The latest Marvel effort is accused of insensitivity by …displaying a cure for a malady.
(Caution: Some minor plot spoilers)
As the Marvel Cinematic Universe is concerned Ant-Man is a relatively minor character. (That’s not a height-ist joke; as you will see I need to make this distinction clear.) The second movie in that character’s franchise opened this past weekend, and while it did perform better than the original they still rank towards the bottom of the nearly two dozen titles in the MCU.
This is not to say they are not successful, nor enjoyable. Paul Rudd, as the titular insect, and director Peyton Reed deliver a breezy and self-referential action piece that is mostly casual fun. Oh no, wait — I meant they delivered a misogynistic, and deeply insensitive paen to ableism rooted in white privilege.
Given this is a fanciful lark of a film, told with humor and interesting action scenes, then you just know there has to be some social-activist harridans out there who have to micturate on the proceedings. Cue Kristen Lopez, of The Daily Beast. She saw a film that has a list of favorable demographic checkmarks — a strong female lead, a hispanic in a prominent role, and numerous POC characters, including the main antagonist — and through diligent work she still managed to find things to be “problematic”, as the kids like to say these days.
You could react a number of ways to this kind of announcement. One way would be to begin wringing your hands and fretting over how a mirthful character has done something hateful. Or you could be like myself and wonder how anyone can watch a film about people shrunk to insect proportions or enlarged to titanic size to battle crime in a comic book adaptation, and decide to grade it on societal accuracy?!

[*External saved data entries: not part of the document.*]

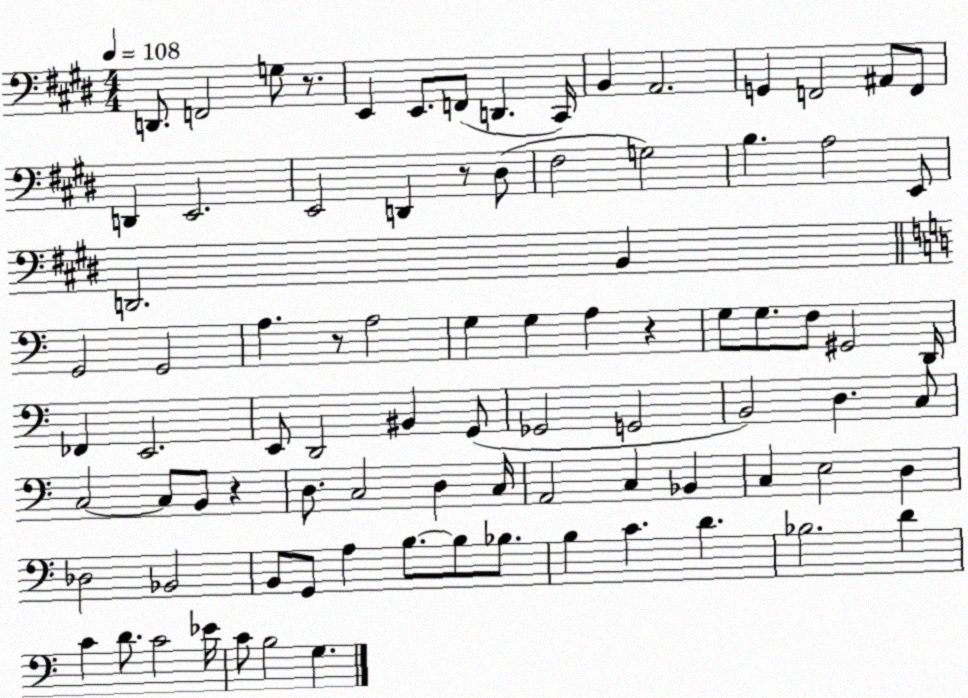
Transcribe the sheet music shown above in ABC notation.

X:1
T:Untitled
M:4/4
L:1/4
K:E
D,,/2 F,,2 G,/2 z/2 E,, E,,/2 F,,/2 D,, ^C,,/4 B,, A,,2 G,, F,,2 ^A,,/2 F,,/2 D,, E,,2 E,,2 D,, z/2 ^D,/2 ^F,2 G,2 B, A,2 E,,/2 D,,2 B,, G,,2 G,,2 A, z/2 A,2 G, G, A, z G,/2 G,/2 F,/2 ^G,,2 D,,/4 _F,, E,,2 E,,/2 D,,2 ^B,, G,,/2 _G,,2 G,,2 B,,2 D, C,/2 C,2 C,/2 B,,/2 z D,/2 C,2 D, C,/4 A,,2 C, _B,, C, E,2 D, _D,2 _B,,2 B,,/2 G,,/2 A, B,/2 B,/2 _B,/2 B, C D _B,2 D C D/2 C2 _E/4 C/2 B,2 G,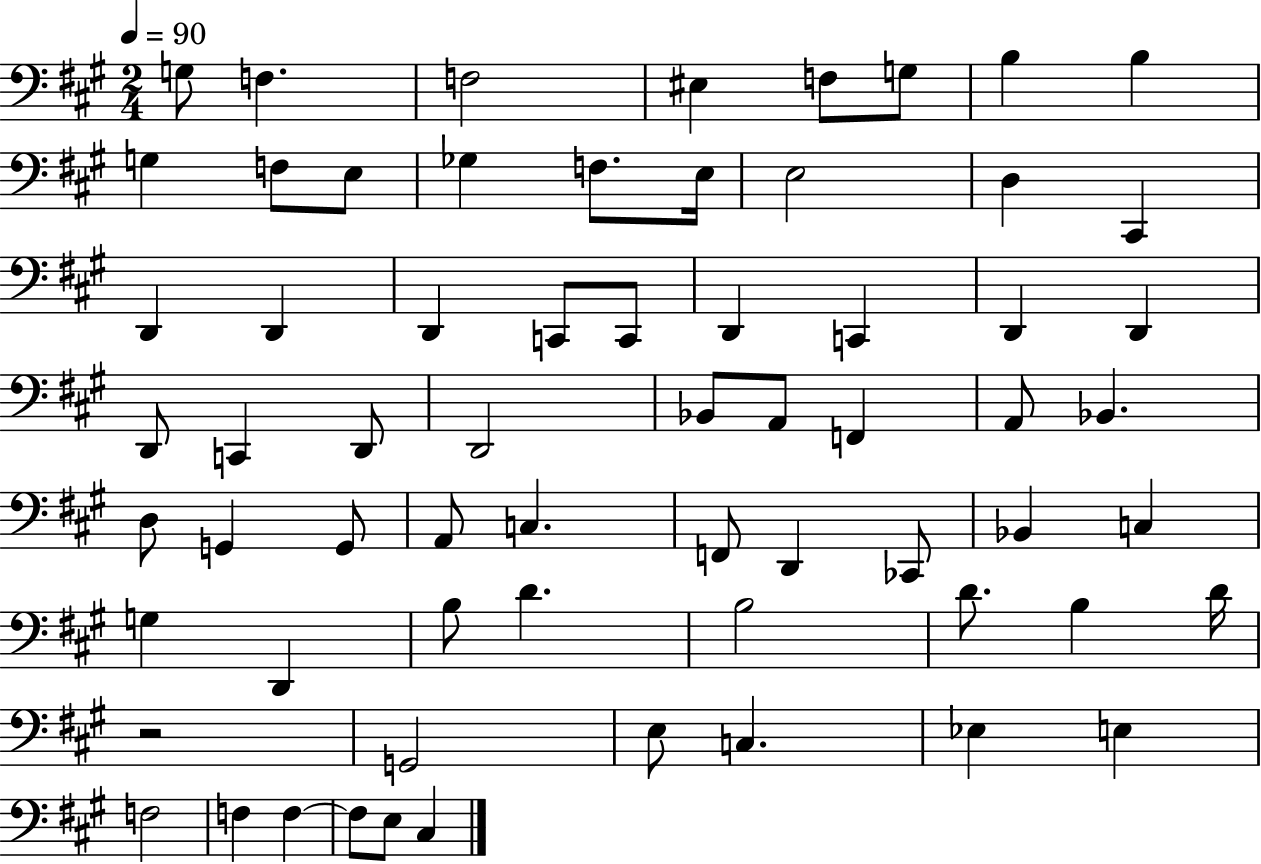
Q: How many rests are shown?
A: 1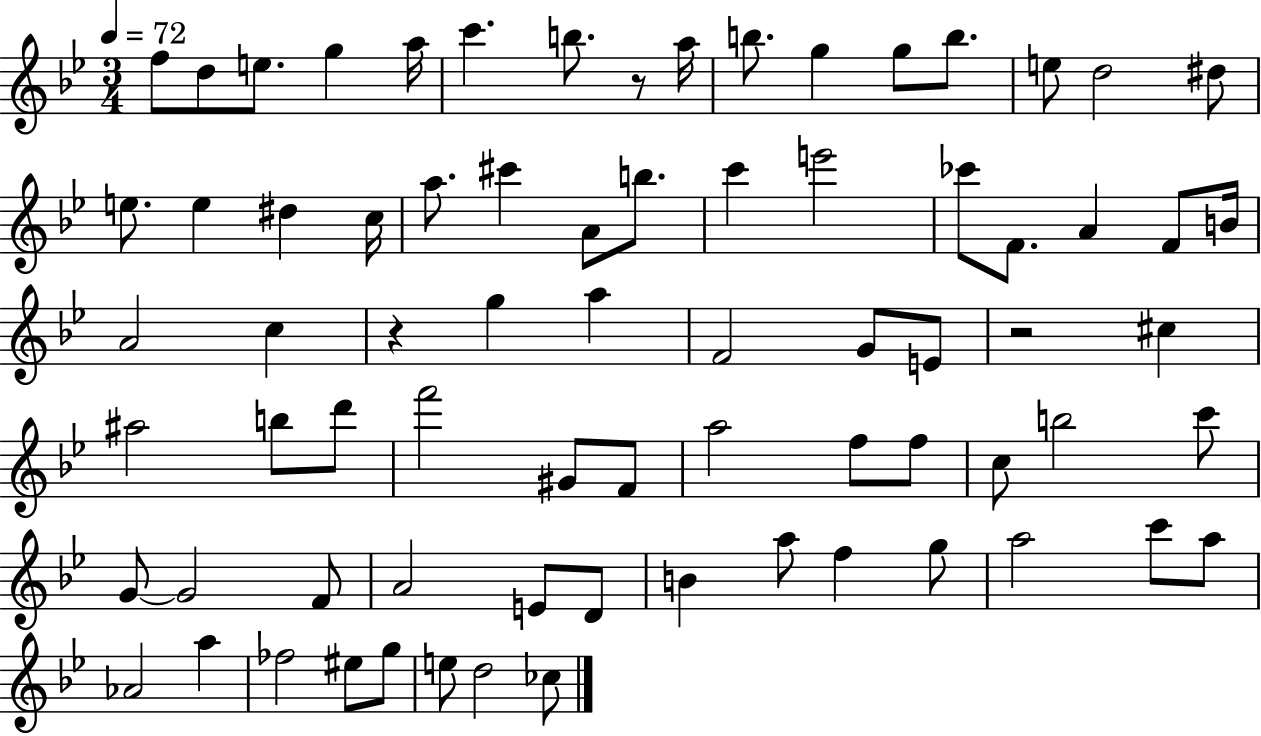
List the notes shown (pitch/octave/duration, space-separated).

F5/e D5/e E5/e. G5/q A5/s C6/q. B5/e. R/e A5/s B5/e. G5/q G5/e B5/e. E5/e D5/h D#5/e E5/e. E5/q D#5/q C5/s A5/e. C#6/q A4/e B5/e. C6/q E6/h CES6/e F4/e. A4/q F4/e B4/s A4/h C5/q R/q G5/q A5/q F4/h G4/e E4/e R/h C#5/q A#5/h B5/e D6/e F6/h G#4/e F4/e A5/h F5/e F5/e C5/e B5/h C6/e G4/e G4/h F4/e A4/h E4/e D4/e B4/q A5/e F5/q G5/e A5/h C6/e A5/e Ab4/h A5/q FES5/h EIS5/e G5/e E5/e D5/h CES5/e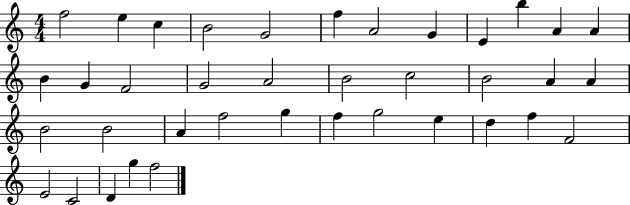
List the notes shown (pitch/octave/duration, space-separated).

F5/h E5/q C5/q B4/h G4/h F5/q A4/h G4/q E4/q B5/q A4/q A4/q B4/q G4/q F4/h G4/h A4/h B4/h C5/h B4/h A4/q A4/q B4/h B4/h A4/q F5/h G5/q F5/q G5/h E5/q D5/q F5/q F4/h E4/h C4/h D4/q G5/q F5/h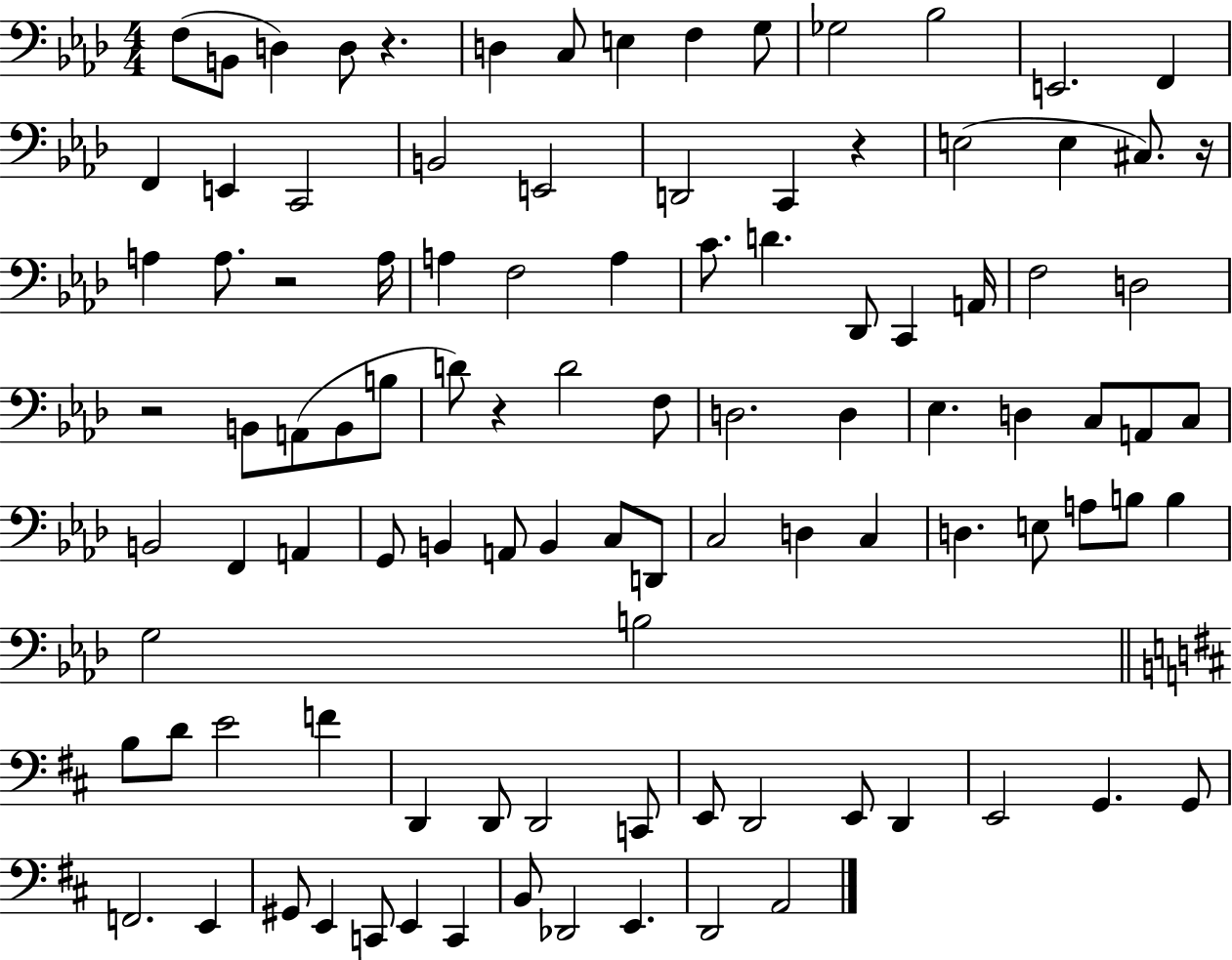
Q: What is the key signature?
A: AES major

What has Lopez upset here is both migraine-inducing in its analysis, and also mystifying in the conclusion drawn. The focus is on the character of Ava, portrayed by mixed-race actress Hannah John-Kamen. Ava is suffering from chronic pain, a condition brought on by the scientific practices within the Ant-Man universe. The technology in the film uses quantum forces and once subjected to this technology Ava’s cells become unstable, resulting from her movements between dimensions.
(Spoiler graf) — The film centers on her going after Ant-Man’s scientific group to acquire the means to bring about relief for herself. What Kristen Lopez takes exception with is that the storyline centered on Ava desiring to be free from her painful condition somehow detracts from her as a person. “Instead of helping Ava find a way to cope (and not necessarily eradicate) her disability, the film seeks to provide a cure.” Also at issue is a white scientist being the person who delivers a remedy, contributing to always transgressive (if not aggressive) saintly white character cliche’.
Before I delve into that rabbit hole of logic, let me first address what Kristen elides here. Ava is searching out the scientist Hank Pym (Michael Douglas) because he was a former partner of Ava’s father. The men had a professional split and her father created his own quantum technology, which ultimately led to afflicting his daughter. This means the film is seeking a cure for Ava’s condition because the film provided her with the condition. But we are lectured the desire to find a cure is a problem.
The explanation is curing an ailing character is the movie marginalizing Ava, according to Lopez. “Instead of exploring a way for her to cope, the film simply conjures up a magic cure and ableist tropes about disability.” It is ridiculous that I have to explain this. The movie is not suggesting she was, say, born with her malady, and is therefore considered “broken” and in need of repair. The science of the film is what has her in the debilitating state, and so she seeks out that same science to gain relief from her physical anguish.
In an effort to remind Lopez of the farce behind complaints like this — in a comic book film — I’ll use her language. The reason the film conjures up what she describes as “a magic cure” is because the film gave her a “magic” disability. Would it not be more insensitive for the script to say this character is imbued with some new malady, and that is how she is identified now — live with it?
Harder for me to wrap my head around is why we get told helping someone who is in this painful state is incorrect. “In the end, Ava is ‘cured’ of her her disability entirely. This is perceived as the happy ending of the feature.” The message here, it seems, is that anyone enduring chronic pain should not have a cure provided…I suppose? Curing someone of their anguish somehow detracts from their identity? Yes, according to Lopez. To repeat, her disability was acquired, not something she was born with. Yet the charge from the writer is the act of helping someone, and ending their anguish, is problematic.
Chronic pain remains a hot-button issue in the disabled community, and having Ava live with it could have presented something relatable. Instead, Ava is stripped of her problem in order to make her rational, quantifiable, and controllable.
The amusement is that Lopez cannot see she is guilty of the very societal posturing she criticizes. The movie is wrong in making one group noble for aiding and curing a pained individual. Somehow Kristen is not in the wrong with her noble insistence that a character remain afflicted with a painful condition — in order to forward an agenda.